圧力
圧力
圧力って知ってる?
何かをぎゅっと閉じ込めるときに
必要な力みたいなものですよね。
それもそうなんだけど、潜水で大事なのは、身の回りにある空気(大気)と水の中に潜ると受ける水圧が大きく関係するんだ。
その他に、潜水で使う空気などを入れるボンベの圧力、
空気を常に潜水士に送り込む装置(コンプレッサーなど)の圧力、
ホースに送り込む送気の圧力など、
潜水にとって圧力はとても大事な事項だからしっかりと覚えてね。
圧力の表し方
まずは、圧力の単位からなんだけど、
「パスカル(Pa)」という言葉が使われます。
国際単位系(SI)の圧力の表し方(単位)なんだ。※1
※1
1気圧 1atm(アトム) | 1013.0hPa(ヘクトパスカル) |
---|---|
101.33kPa(キロパスカル) | |
0.1013MP(メガパスカル) | |
1.0133bar(バール) |
1気圧 | 101.33kPa(キロパスカル) |
---|---|
真水10mの水圧 | 98.067kPa(キロパスカル) |
海水10mの水圧 | 100.52kPa(キロパスカル) |
- 圧力とは、「ある面積あたりに垂直に働くちから(N:ニュートン)」のことで、1平方メートル(㎡)あたり1Nの力が加わるときの圧力を1Paといいます。
- 圧力は式で表すと、次のようになります。
力
圧力=ーーーーー
面積
パスカル?
なんか聞いたことがあるような・・・
普段誰でもよく耳にしてる言葉なんだけど・・・
天気予報でよく使われているよね。
台風のときなんか・・・・
ああ、ヘクトパスカル?
そうだよ。
潜水ではヘクトパスカルは使わないけど
kPa(キロパスカル)とMPa(メガパスカル)はよく使われるよ。
その他にも潜水では、
bar(バール)とかatm(アトム、大気圧)とかの言葉も出てくるからね。
ちなみにヘクトパスカルとパスカルの単位の関係は次のようになっているよ。
100,000Pa | 100kPa(キロパスカル) |
---|---|
0.1MPa(メガパスカル) | |
1000hPa(ヘクトパスカル) |
※ 100kPa=0.1MPa=約1atm=約1気圧=海水10メートルの水圧(100.52kPa)にほぼ等しいから、これを良く覚えておきましょう。
圧力の伝わり方
「パスカルの法則」
圧力の単位についてはわかったかな?
1気圧は、水深10mの圧力にほぼ等しくて、
パスカルの単位でいうと、
約100kPa又は約0.1MPaなんですね。
そうだよ。
次に圧力の伝わり方なんだけど、
伝わり方??
うーん、そうだね。
膨らんだ風船のどこかをぎゅっと押すと別の場所が膨らむよね。
それは、押した場所の圧力が別の場所に伝わったために膨らんだんだね。
潜水でとくに覚えてほしいのは、「パスカルの法則」といって、
「流体に加えられた圧力は、すべての方向に等しく伝わり、流体内の任意の面に対し、常に垂直方向に作用する。」
ということなんだ。※2
※2
- 水や空気などは、特に決まった形を持ってないので形は変わります。そのような物(物体)を流体(りゅうたい)といいます。

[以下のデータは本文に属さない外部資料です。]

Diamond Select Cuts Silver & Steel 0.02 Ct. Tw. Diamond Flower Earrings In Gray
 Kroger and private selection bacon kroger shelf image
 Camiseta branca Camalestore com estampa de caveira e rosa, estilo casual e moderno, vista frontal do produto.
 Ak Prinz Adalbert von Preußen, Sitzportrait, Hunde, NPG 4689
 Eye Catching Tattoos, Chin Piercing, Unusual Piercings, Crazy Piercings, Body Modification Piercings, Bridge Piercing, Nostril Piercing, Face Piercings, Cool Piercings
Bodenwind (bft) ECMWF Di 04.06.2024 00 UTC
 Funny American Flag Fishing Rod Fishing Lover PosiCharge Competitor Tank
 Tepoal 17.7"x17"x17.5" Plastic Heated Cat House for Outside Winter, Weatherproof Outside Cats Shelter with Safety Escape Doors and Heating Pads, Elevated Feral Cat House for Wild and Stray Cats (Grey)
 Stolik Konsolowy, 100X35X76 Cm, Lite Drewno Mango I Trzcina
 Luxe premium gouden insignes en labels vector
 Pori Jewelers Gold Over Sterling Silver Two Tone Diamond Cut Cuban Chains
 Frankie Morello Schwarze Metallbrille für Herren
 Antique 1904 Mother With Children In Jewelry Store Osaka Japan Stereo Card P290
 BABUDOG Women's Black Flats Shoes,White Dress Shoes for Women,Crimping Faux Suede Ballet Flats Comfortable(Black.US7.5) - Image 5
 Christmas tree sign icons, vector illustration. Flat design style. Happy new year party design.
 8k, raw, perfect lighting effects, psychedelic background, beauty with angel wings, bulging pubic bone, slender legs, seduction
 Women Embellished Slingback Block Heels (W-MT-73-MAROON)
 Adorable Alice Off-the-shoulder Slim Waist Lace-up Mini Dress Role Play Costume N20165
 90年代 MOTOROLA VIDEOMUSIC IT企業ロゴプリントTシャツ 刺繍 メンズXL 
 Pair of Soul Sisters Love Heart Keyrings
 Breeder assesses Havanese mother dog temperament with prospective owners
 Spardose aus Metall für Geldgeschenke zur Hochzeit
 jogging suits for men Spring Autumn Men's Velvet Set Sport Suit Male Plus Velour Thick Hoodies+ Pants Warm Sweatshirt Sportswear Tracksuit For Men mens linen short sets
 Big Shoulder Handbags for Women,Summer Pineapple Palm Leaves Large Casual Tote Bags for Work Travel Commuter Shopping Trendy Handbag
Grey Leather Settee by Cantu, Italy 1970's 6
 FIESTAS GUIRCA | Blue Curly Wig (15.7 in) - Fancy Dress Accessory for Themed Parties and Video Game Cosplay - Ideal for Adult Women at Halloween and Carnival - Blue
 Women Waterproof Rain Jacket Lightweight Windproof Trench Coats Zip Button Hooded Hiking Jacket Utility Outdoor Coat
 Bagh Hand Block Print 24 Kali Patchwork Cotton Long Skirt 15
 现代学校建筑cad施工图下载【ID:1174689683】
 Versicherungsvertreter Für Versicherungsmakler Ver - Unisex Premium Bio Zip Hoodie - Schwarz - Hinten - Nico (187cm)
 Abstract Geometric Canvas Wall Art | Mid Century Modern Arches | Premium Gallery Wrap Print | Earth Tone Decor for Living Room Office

- 人の身体の内部はほどんど流体でできているので、圧力(水圧)が加わっても、身体に加わった水圧は、パスカルの法則によって、すべての細胞に瞬時に等しく伝わるため、細胞内部の圧力は常に水圧と均衡(均圧)を保つことができるので生体の組織構造に歪(ゆがみ)を生じません。つまり、普通の深さの潜水では人の身体は水圧に押しつぶされることはないのです。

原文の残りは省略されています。